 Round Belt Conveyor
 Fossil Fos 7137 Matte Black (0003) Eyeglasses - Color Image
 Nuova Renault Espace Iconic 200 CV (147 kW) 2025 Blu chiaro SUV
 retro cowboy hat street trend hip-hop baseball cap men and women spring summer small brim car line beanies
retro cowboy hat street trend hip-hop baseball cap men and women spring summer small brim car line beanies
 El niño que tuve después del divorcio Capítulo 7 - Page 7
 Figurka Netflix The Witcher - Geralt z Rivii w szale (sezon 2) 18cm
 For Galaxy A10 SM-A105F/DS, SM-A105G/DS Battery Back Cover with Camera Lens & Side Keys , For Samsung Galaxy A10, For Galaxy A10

++++++++++

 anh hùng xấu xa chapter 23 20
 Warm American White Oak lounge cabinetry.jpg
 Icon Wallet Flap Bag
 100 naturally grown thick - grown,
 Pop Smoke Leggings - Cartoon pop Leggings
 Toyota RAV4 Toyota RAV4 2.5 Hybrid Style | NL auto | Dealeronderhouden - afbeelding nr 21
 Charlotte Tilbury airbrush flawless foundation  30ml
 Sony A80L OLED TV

++++++++++

- **What this task involves**
Start with the line above that contains "Round Belt Conveyor" and end with the line that contains "For Galaxy A10 SM-A105F/DS, SM-A105G/DS". Write out those lines exactly, and only those.

- **Output for this task**
 Round Belt Conveyor
 Fossil Fos 7137 Matte Black (0003) Eyeglasses - Color Image
 Nuova Renault Espace Iconic 200 CV (147 kW) 2025 Blu chiaro SUV
 retro cowboy hat street trend hip-hop baseball cap men and women spring summer small brim car line beanies
retro cowboy hat street trend hip-hop baseball cap men and women spring summer small brim car line beanies
 El niño que tuve después del divorcio Capítulo 7 - Page 7
 Figurka Netflix The Witcher - Geralt z Rivii w szale (sezon 2) 18cm
 For Galaxy A10 SM-A105F/DS, SM-A105G/DS Battery Back Cover with Camera Lens & Side Keys , For Samsung Galaxy A10, For Galaxy A10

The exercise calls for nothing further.